• Problem description: The records underneath are to be printed in full and exactly, with no pictures carried over.

• Data listing:
▬▬▬▬▬▬▬▬▬▬

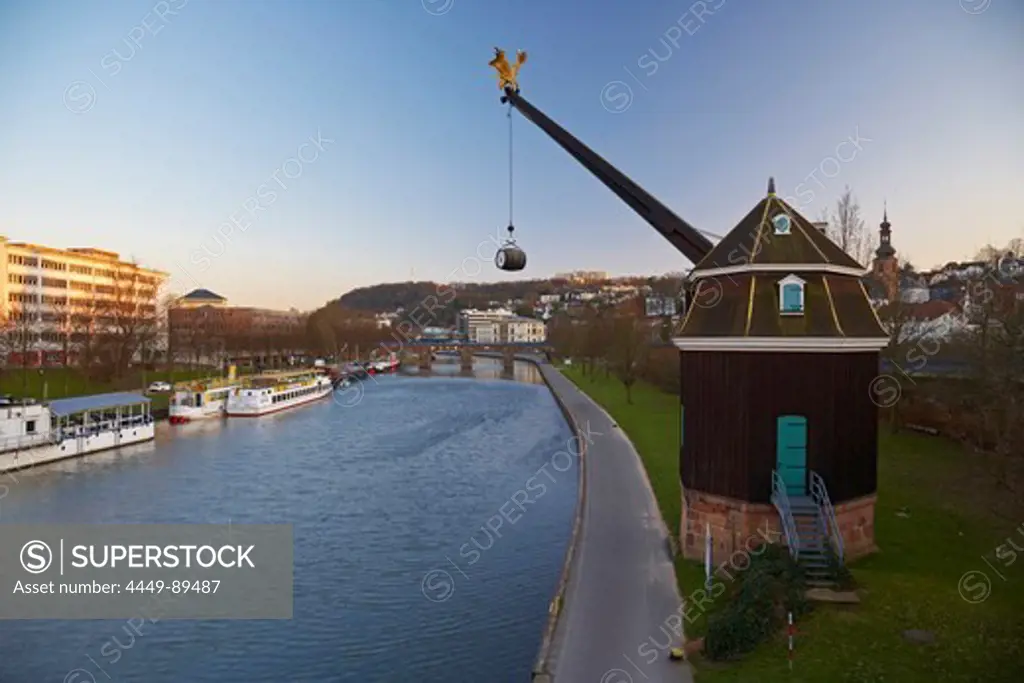 View of crane Saarkran and Old Bridge at the river Saar in the evening, Saarbruecken, Saarland, Germany, Europe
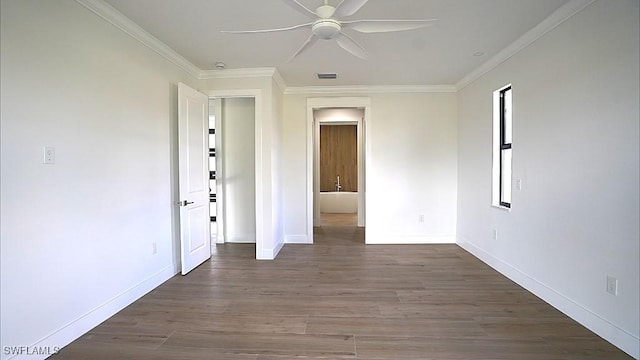 empty room with ceiling fan, crown molding, and dark wood-type flooring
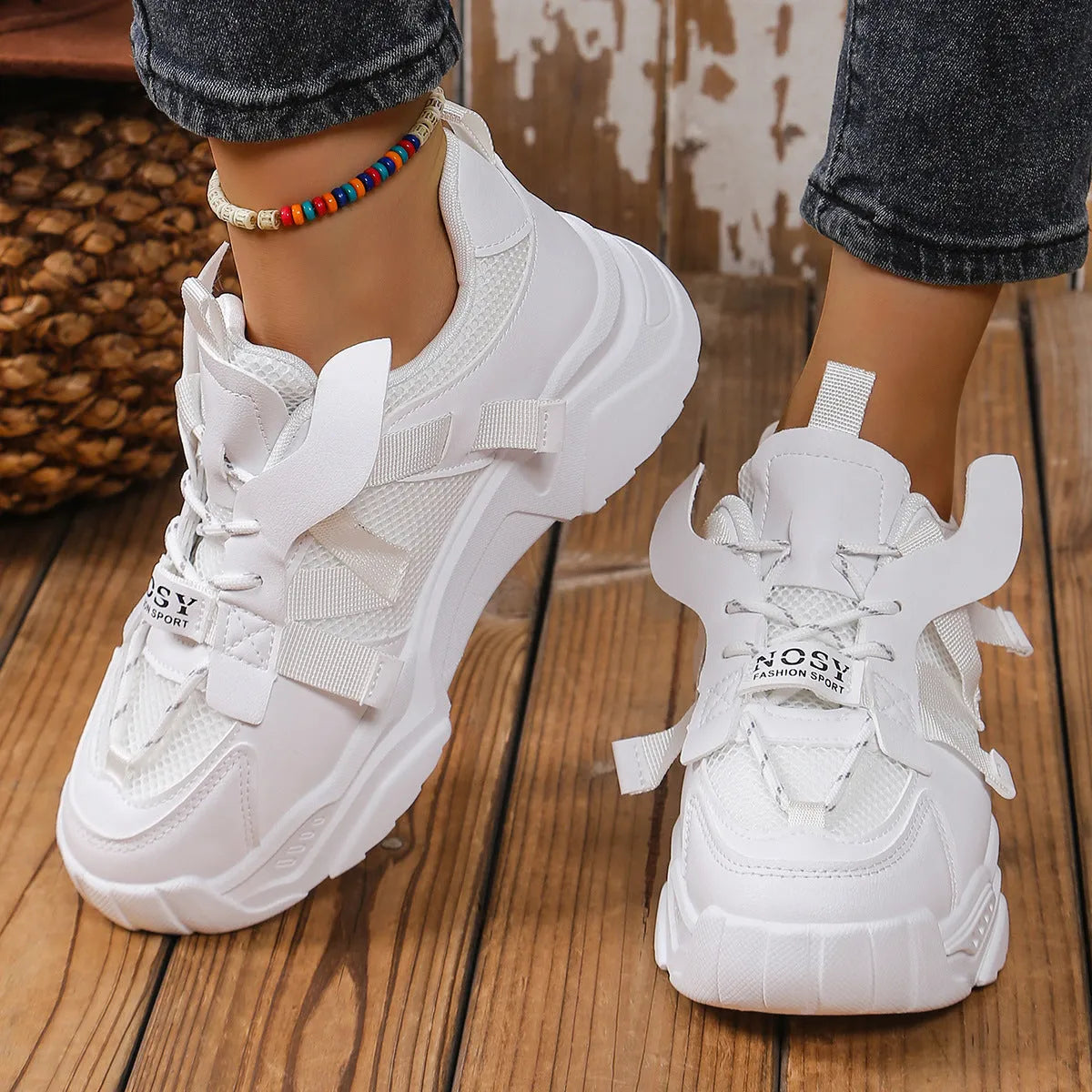 Women's purple platform mesh sports shoe with lace-up front and thick sole for height increase.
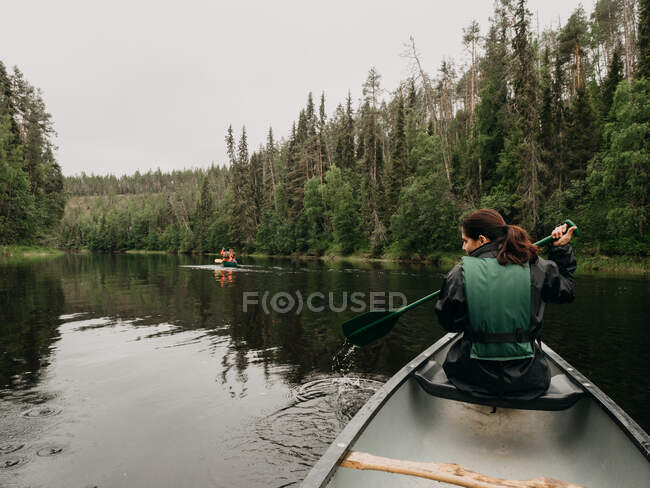 Back view of young woman while boating on forest river in Finland — Stock Photo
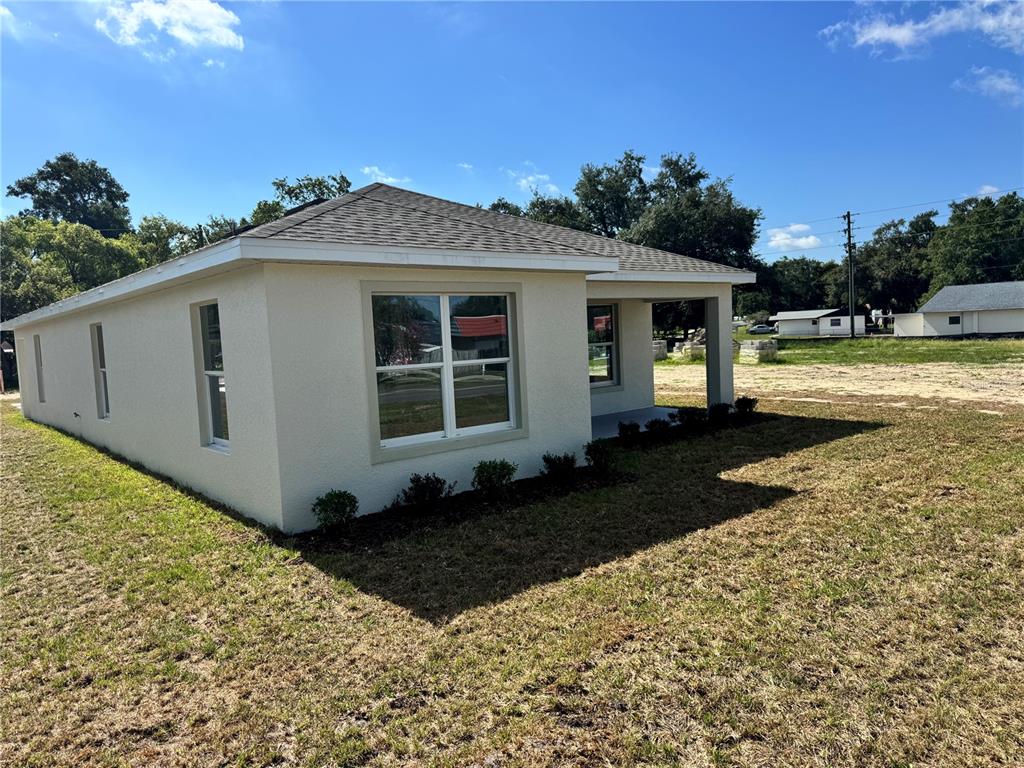 A light-colored, single-story house with a hip roof and a small front porch — 6020 12TH STREET, ZEPHYRHILLS, FL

▬▬▬▬▬▬▬▬▬▬

• Solved problem:
 View of crane Saarkran and Old Bridge at the river Saar in the evening, Saarbruecken, Saarland, Germany, Europe
 empty room with ceiling fan, crown molding, and dark wood-type flooring
 Women's purple platform mesh sports shoe with lace-up front and thick sole for height increase.
 Back view of young woman while boating on forest river in Finland — Stock Photo
 A light-colored, single-story house with a hip roof and a small front porch — 6020 12TH STREET, ZEPHYRHILLS, FL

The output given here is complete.